Listed records: Begin

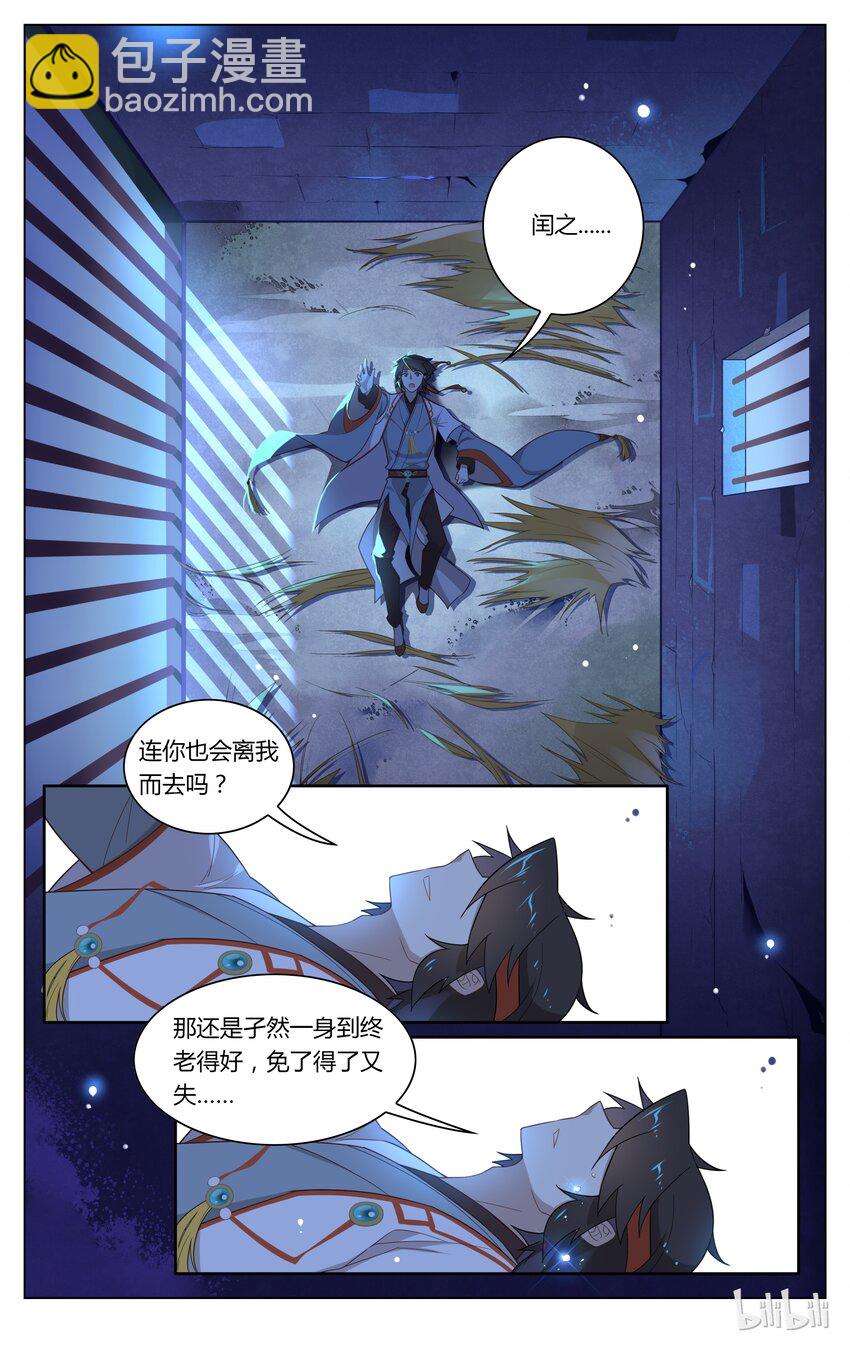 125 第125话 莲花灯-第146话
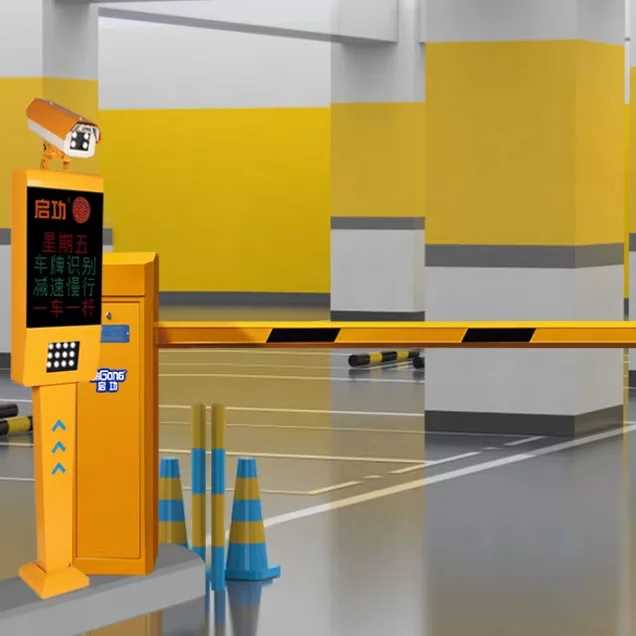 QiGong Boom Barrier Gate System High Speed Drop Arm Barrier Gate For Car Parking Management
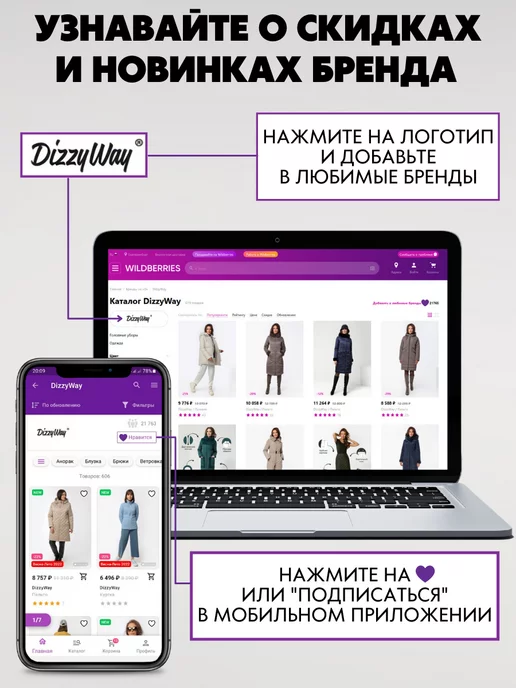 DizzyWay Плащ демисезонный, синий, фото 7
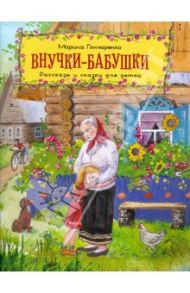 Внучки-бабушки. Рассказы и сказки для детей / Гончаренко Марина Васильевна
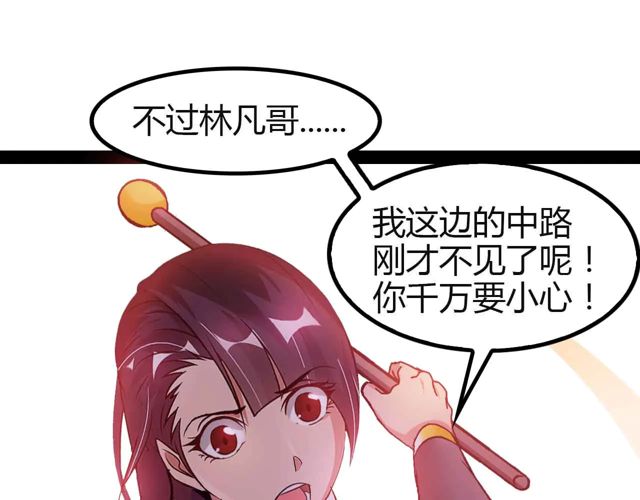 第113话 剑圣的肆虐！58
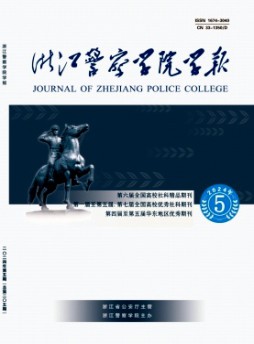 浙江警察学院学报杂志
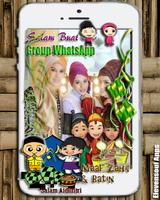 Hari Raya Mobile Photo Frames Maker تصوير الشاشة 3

Listed records: End
Listed records: Begin

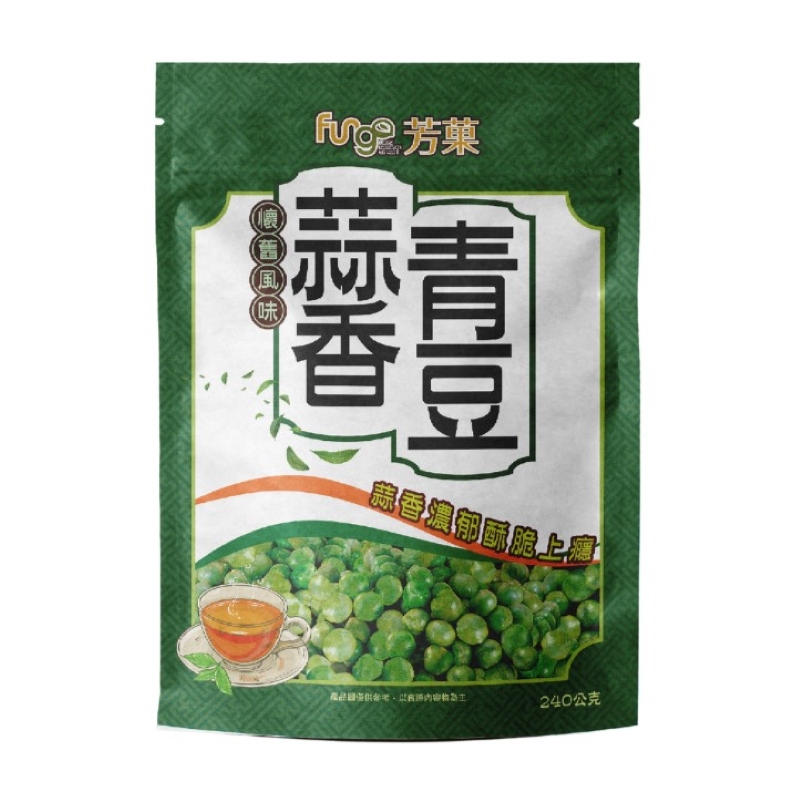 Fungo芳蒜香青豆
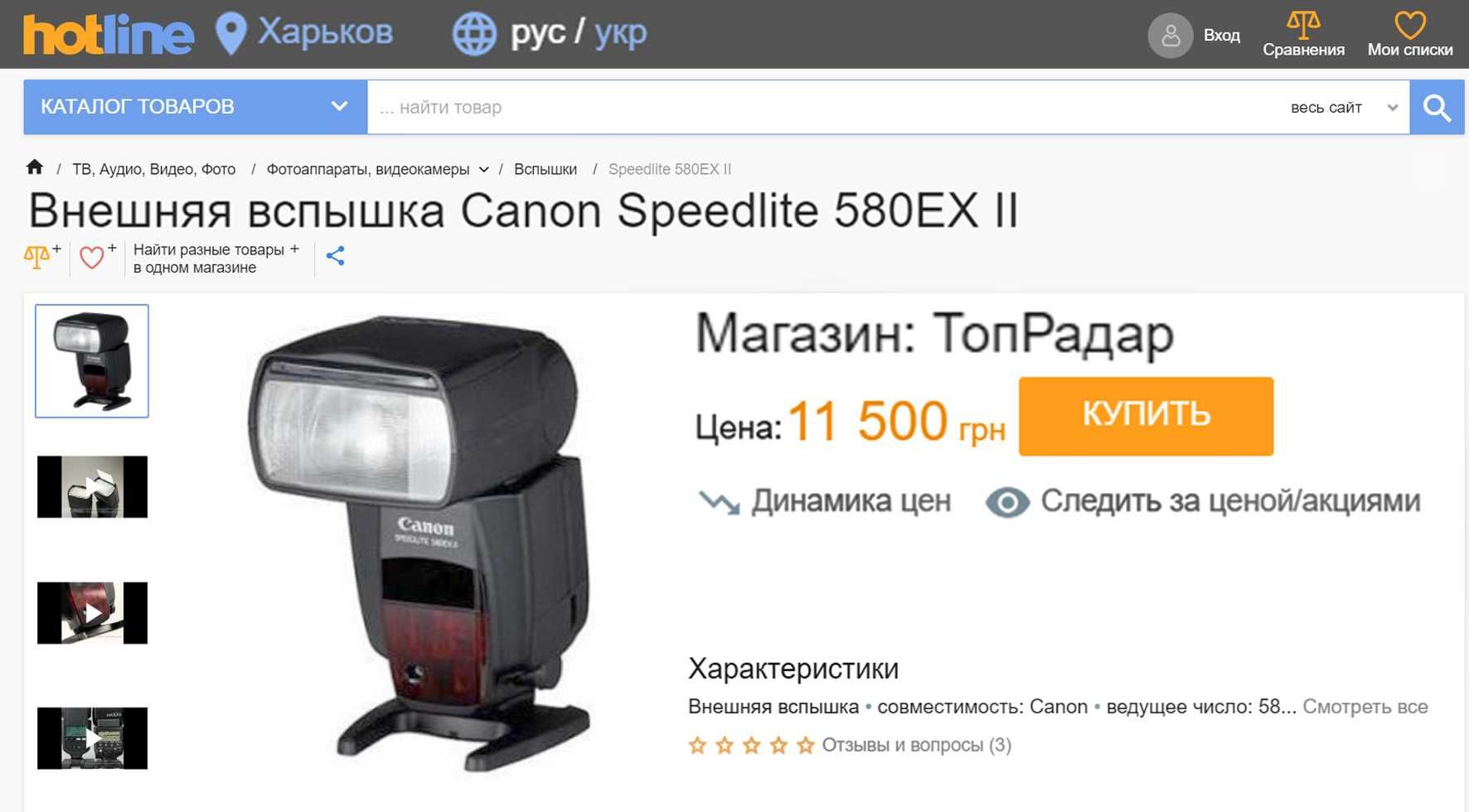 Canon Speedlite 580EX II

Listed records: End

Assignment → Print from the line containing "125 第125话 莲花灯-第146话" through the line containing "Hari Raya Mobile" in the data above, exactly as the lines stand, and omit every picture.

Written response →
 125 第125话 莲花灯-第146话
 QiGong Boom Barrier Gate System High Speed Drop Arm Barrier Gate For Car Parking Management
 DizzyWay Плащ демисезонный, синий, фото 7
 Внучки-бабушки. Рассказы и сказки для детей / Гончаренко Марина Васильевна
 第113话 剑圣的肆虐！58
 浙江警察学院学报杂志
 Hari Raya Mobile Photo Frames Maker تصوير الشاشة 3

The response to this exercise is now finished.